Retrieval-augmented generation (RAG) is a pattern for building language model systems where the model generates responses using both its learned parameters and external knowledge retrieved at inference time, typically from a search index or vector database.
What is Retrieval-Augmented Generation (RAG)?
RAG combines two subsystems, retrieval and generation. In the retrieval step, the system converts the user query into a search representation, often an embedding, then retrieves the most relevant documents, passages, or records from a knowledge store. In the generation step, the system provides the retrieved context to a generative model as grounding material, so the model can cite, summarize, or reason over the retrieved content when writing the answer. RAG reduces reliance on parametric memory, so it can help with freshness and domain specificity, and it can reduce hallucinations when retrieval returns accurate sources. Implementation details matter. Teams tune chunking, embeddings, re-ranking, and context window allocation. They also design prompts that instruct the model to prefer retrieved evidence and to abstain when evidence is missing.
Where it is used and why it matters
RAG is common in enterprise chatbots, internal knowledge assistants, customer support, legal and compliance search, and developer documentation Q&A. It matters because it enables controlled knowledge access, easier updates without retraining, and traceability via citations. It also introduces new failure modes such as poor retrieval recall, irrelevant context injection, and security risks if the knowledge base contains sensitive data or untrusted content. Observability and evaluation are important to detect retrieval and generation errors.
Types
- Naive RAG: single retrieval step, top-k context appended to the prompt.

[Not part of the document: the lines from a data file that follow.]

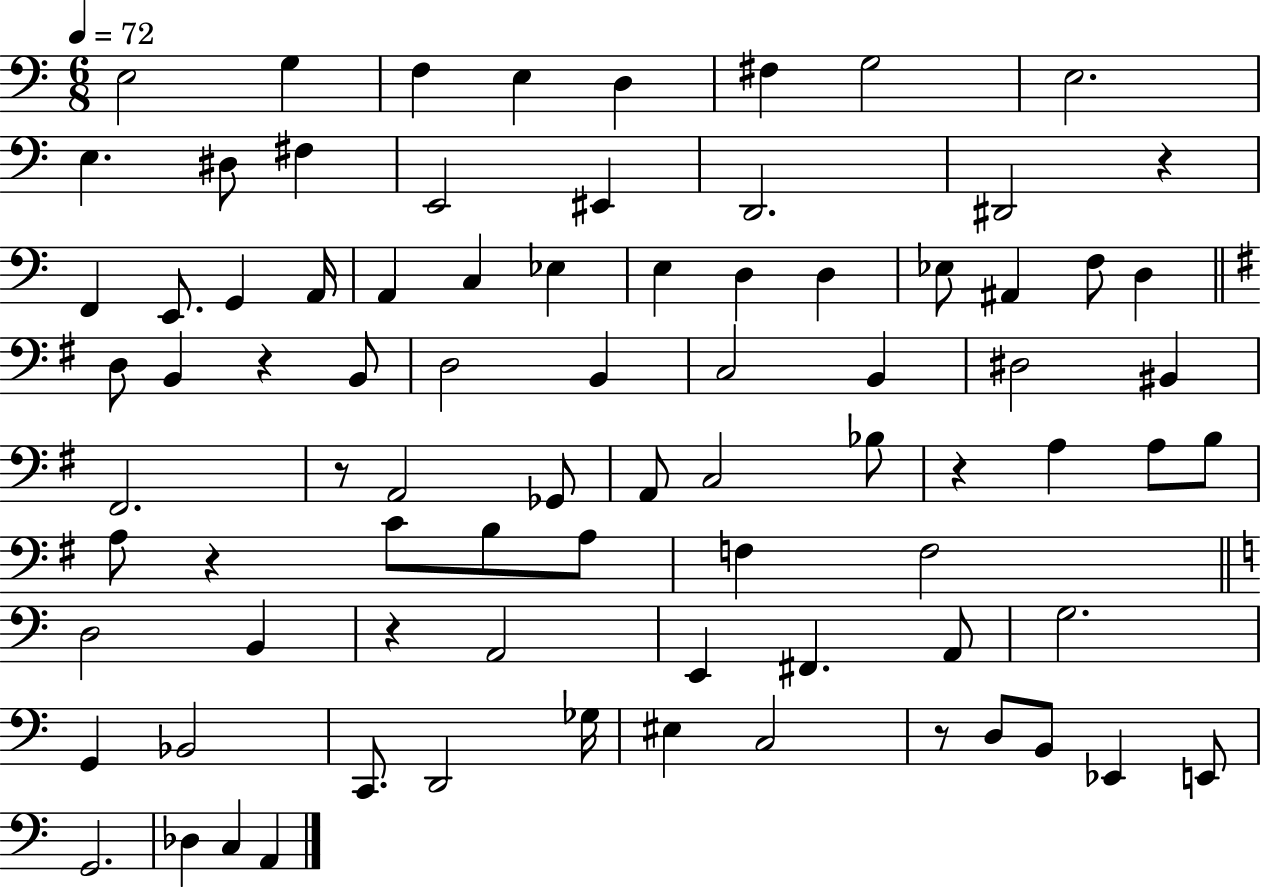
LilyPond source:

{
  \clef bass
  \numericTimeSignature
  \time 6/8
  \key c \major
  \tempo 4 = 72
  e2 g4 | f4 e4 d4 | fis4 g2 | e2. | \break e4. dis8 fis4 | e,2 eis,4 | d,2. | dis,2 r4 | \break f,4 e,8. g,4 a,16 | a,4 c4 ees4 | e4 d4 d4 | ees8 ais,4 f8 d4 | \break \bar "||" \break \key e \minor d8 b,4 r4 b,8 | d2 b,4 | c2 b,4 | dis2 bis,4 | \break fis,2. | r8 a,2 ges,8 | a,8 c2 bes8 | r4 a4 a8 b8 | \break a8 r4 c'8 b8 a8 | f4 f2 | \bar "||" \break \key c \major d2 b,4 | r4 a,2 | e,4 fis,4. a,8 | g2. | \break g,4 bes,2 | c,8. d,2 ges16 | eis4 c2 | r8 d8 b,8 ees,4 e,8 | \break g,2. | des4 c4 a,4 | \bar "|."
}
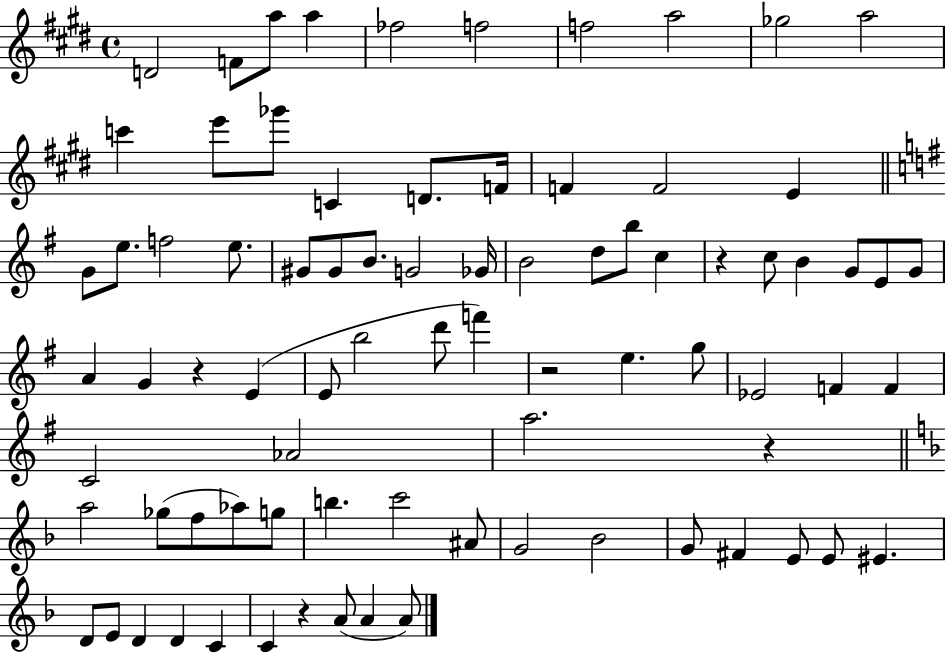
X:1
T:Untitled
M:4/4
L:1/4
K:E
D2 F/2 a/2 a _f2 f2 f2 a2 _g2 a2 c' e'/2 _g'/2 C D/2 F/4 F F2 E G/2 e/2 f2 e/2 ^G/2 ^G/2 B/2 G2 _G/4 B2 d/2 b/2 c z c/2 B G/2 E/2 G/2 A G z E E/2 b2 d'/2 f' z2 e g/2 _E2 F F C2 _A2 a2 z a2 _g/2 f/2 _a/2 g/2 b c'2 ^A/2 G2 _B2 G/2 ^F E/2 E/2 ^E D/2 E/2 D D C C z A/2 A A/2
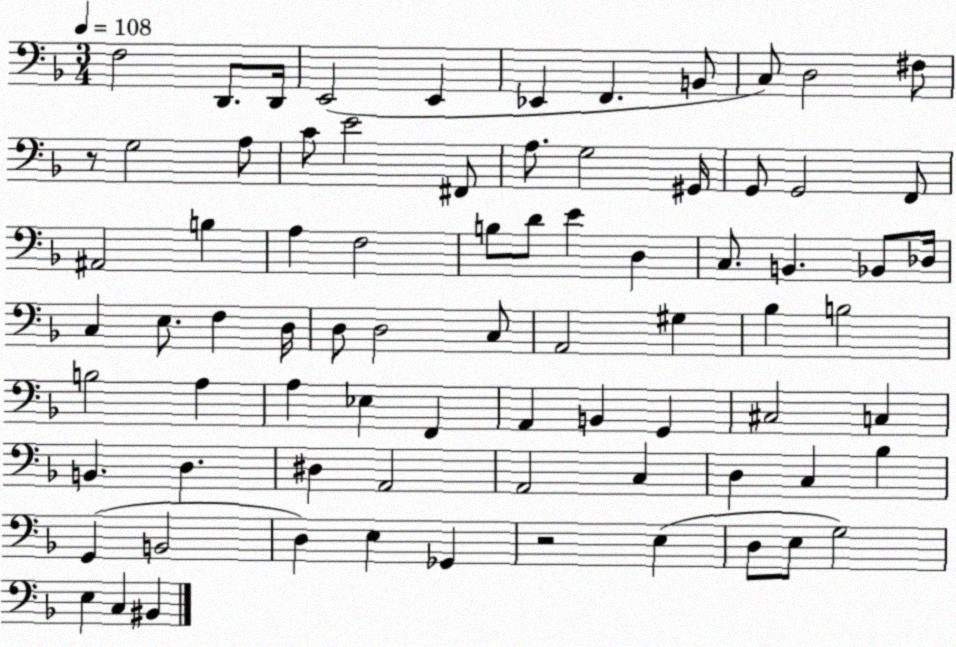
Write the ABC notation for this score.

X:1
T:Untitled
M:3/4
L:1/4
K:F
F,2 D,,/2 D,,/4 E,,2 E,, _E,, F,, B,,/2 C,/2 D,2 ^F,/2 z/2 G,2 A,/2 C/2 E2 ^F,,/2 A,/2 G,2 ^G,,/4 G,,/2 G,,2 F,,/2 ^A,,2 B, A, F,2 B,/2 D/2 E D, C,/2 B,, _B,,/2 _D,/4 C, E,/2 F, D,/4 D,/2 D,2 C,/2 A,,2 ^G, _B, B,2 B,2 A, A, _E, F,, A,, B,, G,, ^C,2 C, B,, D, ^D, A,,2 A,,2 C, D, C, _B, G,, B,,2 D, E, _G,, z2 E, D,/2 E,/2 G,2 E, C, ^B,,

- Reranked RAG: uses a cross-encoder or LLM to re-rank retrieved candidates before generation.
- Multi-hop RAG: performs iterative retrieval where earlier results trigger follow-up queries.
FAQs
- Is RAG a replacement for fine-tuning?
Not always. RAG helps with up-to-date knowledge and citations, while fine-tuning helps with style, policy, and task behavior. Many systems use both. - What database do you need for RAG?
You can use a vector database, a hybrid keyword plus vector index, or even a traditional search engine, as long as retrieval quality is good. - How do you evaluate a RAG system?
Measure retrieval recall and precision, answer faithfulness to sources, citation accuracy, and end-to-end task success on a representative test set. - What are common RAG failure modes?
Missing relevant chunks, retrieving near-duplicates, overloading the context window, and the model ignoring retrieved evidence.